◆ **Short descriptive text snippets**
◇ ◇ ◇ ◇
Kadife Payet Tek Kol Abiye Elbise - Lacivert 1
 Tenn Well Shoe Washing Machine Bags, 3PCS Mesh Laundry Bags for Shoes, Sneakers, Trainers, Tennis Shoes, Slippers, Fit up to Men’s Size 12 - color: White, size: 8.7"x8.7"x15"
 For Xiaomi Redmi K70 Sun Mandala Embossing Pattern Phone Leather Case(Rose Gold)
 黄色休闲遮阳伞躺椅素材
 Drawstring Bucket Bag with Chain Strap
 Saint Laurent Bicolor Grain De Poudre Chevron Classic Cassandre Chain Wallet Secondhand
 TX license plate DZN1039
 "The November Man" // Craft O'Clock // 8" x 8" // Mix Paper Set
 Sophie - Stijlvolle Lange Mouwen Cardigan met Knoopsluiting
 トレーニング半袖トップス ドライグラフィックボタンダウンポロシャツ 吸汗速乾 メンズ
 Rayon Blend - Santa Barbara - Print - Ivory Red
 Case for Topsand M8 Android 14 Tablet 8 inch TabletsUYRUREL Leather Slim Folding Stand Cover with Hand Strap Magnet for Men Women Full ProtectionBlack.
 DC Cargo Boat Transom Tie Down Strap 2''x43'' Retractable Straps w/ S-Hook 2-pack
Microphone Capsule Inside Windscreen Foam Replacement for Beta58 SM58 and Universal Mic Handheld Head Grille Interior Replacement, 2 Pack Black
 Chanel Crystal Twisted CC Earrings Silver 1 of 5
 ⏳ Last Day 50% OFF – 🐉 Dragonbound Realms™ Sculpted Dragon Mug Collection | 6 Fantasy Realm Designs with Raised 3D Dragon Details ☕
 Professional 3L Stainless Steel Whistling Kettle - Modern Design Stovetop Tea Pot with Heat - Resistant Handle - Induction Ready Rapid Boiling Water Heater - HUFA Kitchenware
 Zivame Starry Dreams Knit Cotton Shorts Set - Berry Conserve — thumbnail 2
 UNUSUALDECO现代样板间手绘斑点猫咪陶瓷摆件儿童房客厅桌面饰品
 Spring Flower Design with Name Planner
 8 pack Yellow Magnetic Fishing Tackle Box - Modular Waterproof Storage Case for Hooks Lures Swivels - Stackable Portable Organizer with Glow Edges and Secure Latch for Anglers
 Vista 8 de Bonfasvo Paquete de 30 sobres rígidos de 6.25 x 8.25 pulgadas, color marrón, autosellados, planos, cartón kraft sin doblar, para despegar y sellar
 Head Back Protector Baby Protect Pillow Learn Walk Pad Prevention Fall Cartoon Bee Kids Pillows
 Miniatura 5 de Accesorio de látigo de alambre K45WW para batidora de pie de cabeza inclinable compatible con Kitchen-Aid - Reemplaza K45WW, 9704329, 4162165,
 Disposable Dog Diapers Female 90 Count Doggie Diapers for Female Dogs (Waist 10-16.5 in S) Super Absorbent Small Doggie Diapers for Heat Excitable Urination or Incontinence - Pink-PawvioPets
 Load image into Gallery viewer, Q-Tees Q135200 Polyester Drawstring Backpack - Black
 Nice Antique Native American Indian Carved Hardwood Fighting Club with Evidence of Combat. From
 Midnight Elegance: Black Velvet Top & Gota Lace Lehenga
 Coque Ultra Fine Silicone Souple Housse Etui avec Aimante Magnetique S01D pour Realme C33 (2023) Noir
◇ ◇ ◇ ◇
◆ **Task description**
Set down all of the entries again, keeping every line exactly as it is.

◆ **Answer space**
Kadife Payet Tek Kol Abiye Elbise - Lacivert 1
 Tenn Well Shoe Washing Machine Bags, 3PCS Mesh Laundry Bags for Shoes, Sneakers, Trainers, Tennis Shoes, Slippers, Fit up to Men’s Size 12 - color: White, size: 8.7"x8.7"x15"
 For Xiaomi Redmi K70 Sun Mandala Embossing Pattern Phone Leather Case(Rose Gold)
 黄色休闲遮阳伞躺椅素材
 Drawstring Bucket Bag with Chain Strap
 Saint Laurent Bicolor Grain De Poudre Chevron Classic Cassandre Chain Wallet Secondhand
 TX license plate DZN1039
 "The November Man" // Craft O'Clock // 8" x 8" // Mix Paper Set
 Sophie - Stijlvolle Lange Mouwen Cardigan met Knoopsluiting
 トレーニング半袖トップス ドライグラフィックボタンダウンポロシャツ 吸汗速乾 メンズ
 Rayon Blend - Santa Barbara - Print - Ivory Red
 Case for Topsand M8 Android 14 Tablet 8 inch TabletsUYRUREL Leather Slim Folding Stand Cover with Hand Strap Magnet for Men Women Full ProtectionBlack.
 DC Cargo Boat Transom Tie Down Strap 2''x43'' Retractable Straps w/ S-Hook 2-pack
Microphone Capsule Inside Windscreen Foam Replacement for Beta58 SM58 and Universal Mic Handheld Head Grille Interior Replacement, 2 Pack Black
 Chanel Crystal Twisted CC Earrings Silver 1 of 5
 ⏳ Last Day 50% OFF – 🐉 Dragonbound Realms™ Sculpted Dragon Mug Collection | 6 Fantasy Realm Designs with Raised 3D Dragon Details ☕
 Professional 3L Stainless Steel Whistling Kettle - Modern Design Stovetop Tea Pot with Heat - Resistant Handle - Induction Ready Rapid Boiling Water Heater - HUFA Kitchenware
 Zivame Starry Dreams Knit Cotton Shorts Set - Berry Conserve — thumbnail 2
 UNUSUALDECO现代样板间手绘斑点猫咪陶瓷摆件儿童房客厅桌面饰品
 Spring Flower Design with Name Planner
 8 pack Yellow Magnetic Fishing Tackle Box - Modular Waterproof Storage Case for Hooks Lures Swivels - Stackable Portable Organizer with Glow Edges and Secure Latch for Anglers
 Vista 8 de Bonfasvo Paquete de 30 sobres rígidos de 6.25 x 8.25 pulgadas, color marrón, autosellados, planos, cartón kraft sin doblar, para despegar y sellar
 Head Back Protector Baby Protect Pillow Learn Walk Pad Prevention Fall Cartoon Bee Kids Pillows
 Miniatura 5 de Accesorio de látigo de alambre K45WW para batidora de pie de cabeza inclinable compatible con Kitchen-Aid - Reemplaza K45WW, 9704329, 4162165,
 Disposable Dog Diapers Female 90 Count Doggie Diapers for Female Dogs (Waist 10-16.5 in S) Super Absorbent Small Doggie Diapers for Heat Excitable Urination or Incontinence - Pink-PawvioPets
 Load image into Gallery viewer, Q-Tees Q135200 Polyester Drawstring Backpack - Black
 Nice Antique Native American Indian Carved Hardwood Fighting Club with Evidence of Combat. From
 Midnight Elegance: Black Velvet Top & Gota Lace Lehenga
 Coque Ultra Fine Silicone Souple Housse Etui avec Aimante Magnetique S01D pour Realme C33 (2023) Noir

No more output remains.